• EXERCISE DIRECTIONS
Print only the lines below from the one with "Blowfish Women's Brown" to the one with "B.A.R.S.A 25-26 Long", both included, exactly as they stand. Leave pictures out.

• MATERIAL PROVIDED
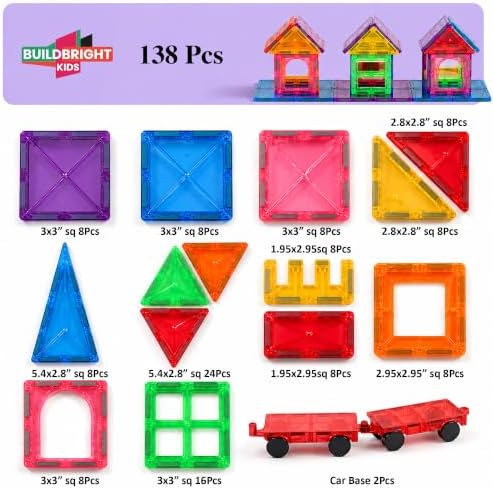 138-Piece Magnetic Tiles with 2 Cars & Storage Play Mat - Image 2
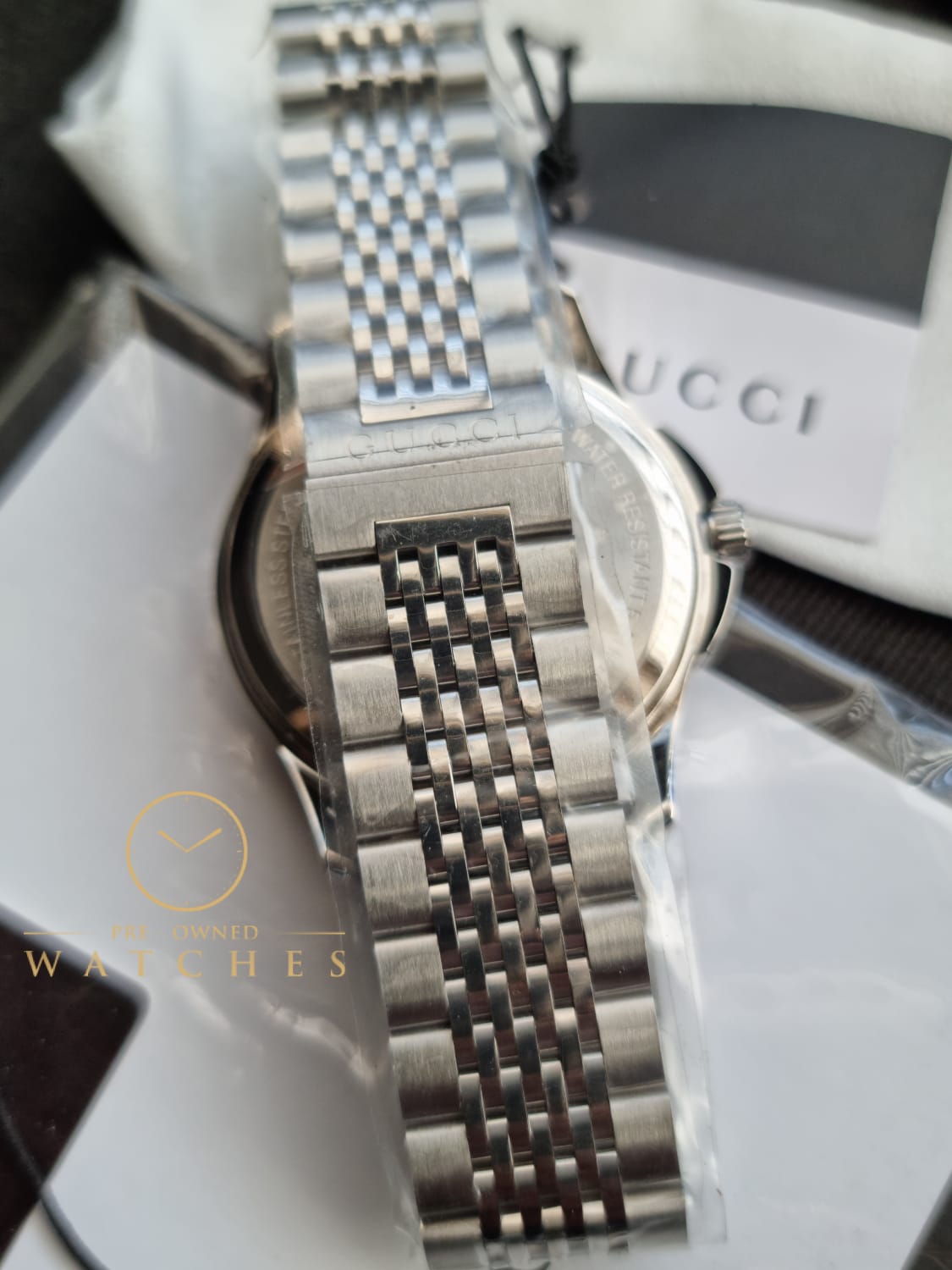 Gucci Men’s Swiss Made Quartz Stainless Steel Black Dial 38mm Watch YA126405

* * *

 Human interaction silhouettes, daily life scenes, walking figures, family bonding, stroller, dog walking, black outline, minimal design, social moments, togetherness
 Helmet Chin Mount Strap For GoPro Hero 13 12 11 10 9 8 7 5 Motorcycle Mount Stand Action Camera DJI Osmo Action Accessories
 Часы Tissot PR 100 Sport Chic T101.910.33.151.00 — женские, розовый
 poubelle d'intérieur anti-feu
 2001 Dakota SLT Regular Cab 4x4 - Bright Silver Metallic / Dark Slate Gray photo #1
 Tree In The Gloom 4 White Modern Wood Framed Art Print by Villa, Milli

...

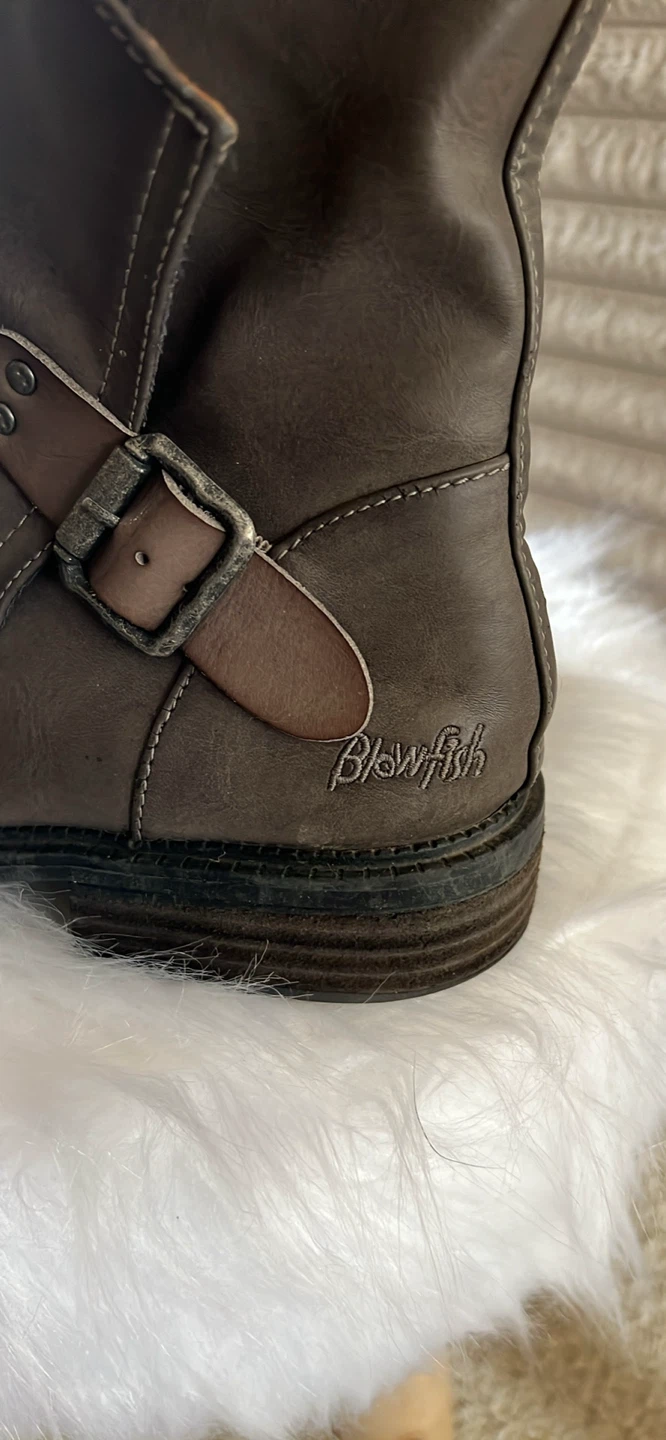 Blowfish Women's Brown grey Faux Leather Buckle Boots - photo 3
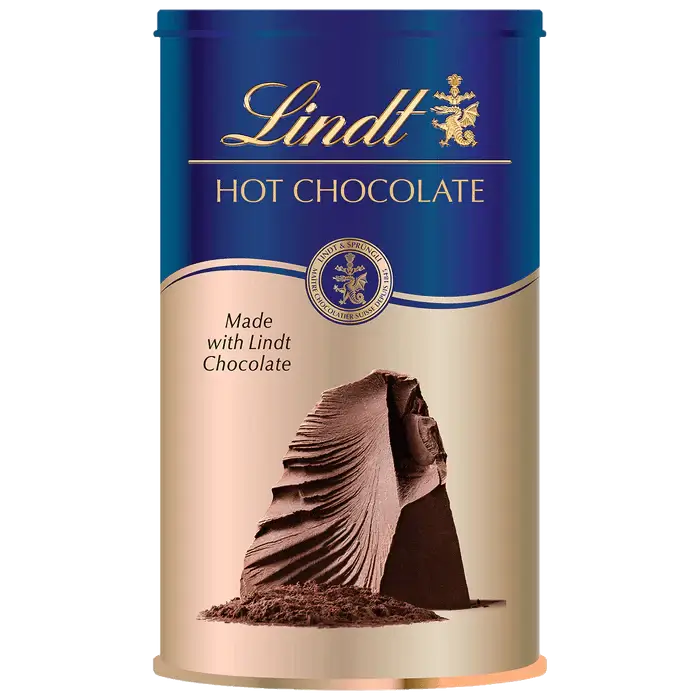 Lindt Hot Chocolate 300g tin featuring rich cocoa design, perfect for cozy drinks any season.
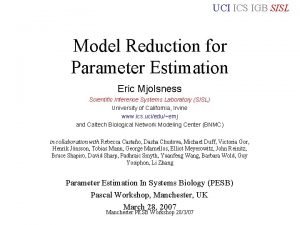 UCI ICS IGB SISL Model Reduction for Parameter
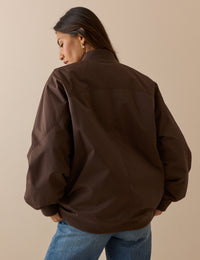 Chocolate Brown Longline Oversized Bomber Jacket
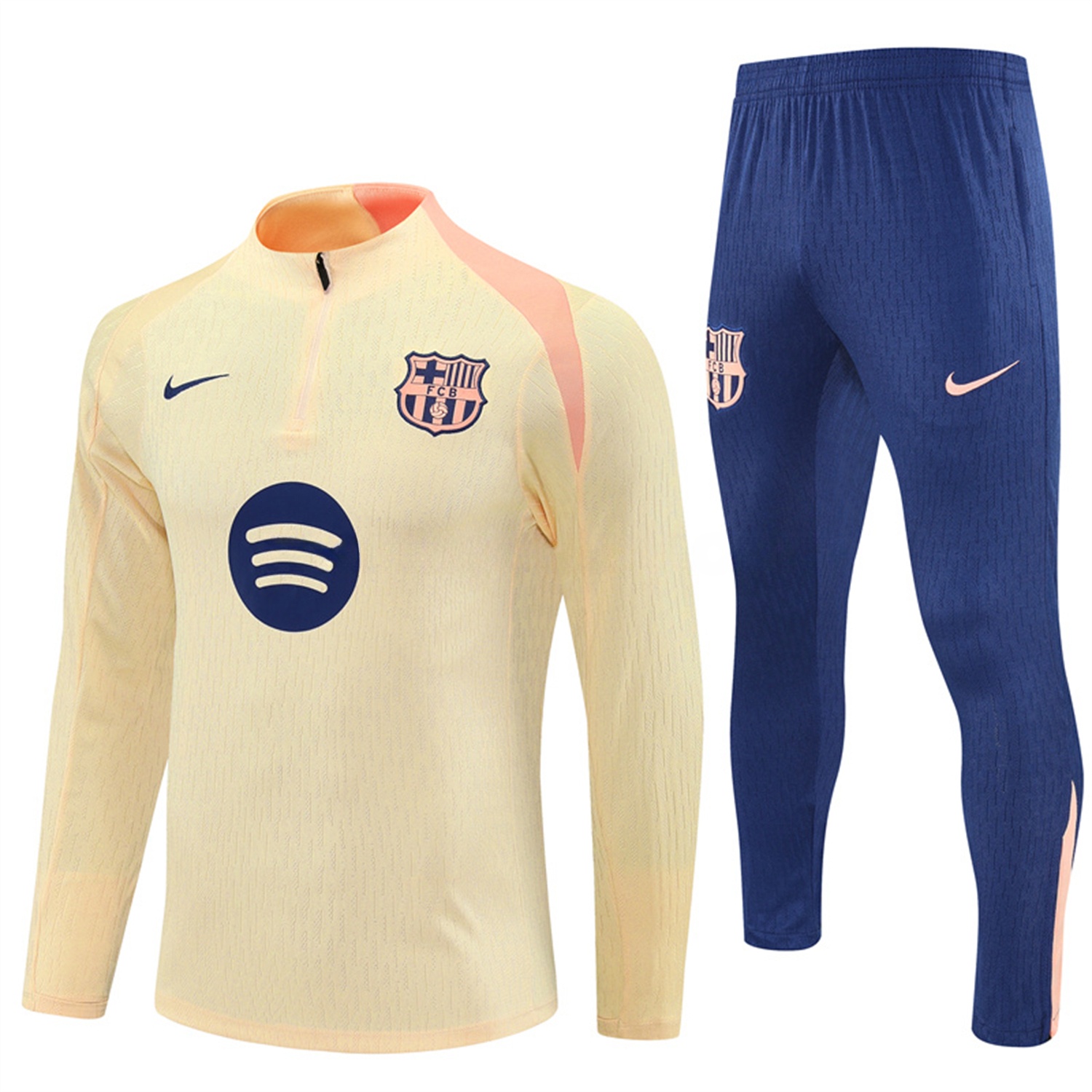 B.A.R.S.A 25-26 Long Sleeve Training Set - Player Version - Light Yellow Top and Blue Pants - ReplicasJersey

• ANSWER TO THIS TASK
 Blowfish Women's Brown grey Faux Leather Buckle Boots - photo 3
 Lindt Hot Chocolate 300g tin featuring rich cocoa design, perfect for cozy drinks any season.
 UCI ICS IGB SISL Model Reduction for Parameter
 Chocolate Brown Longline Oversized Bomber Jacket
 B.A.R.S.A 25-26 Long Sleeve Training Set - Player Version - Light Yellow Top and Blue Pants - ReplicasJersey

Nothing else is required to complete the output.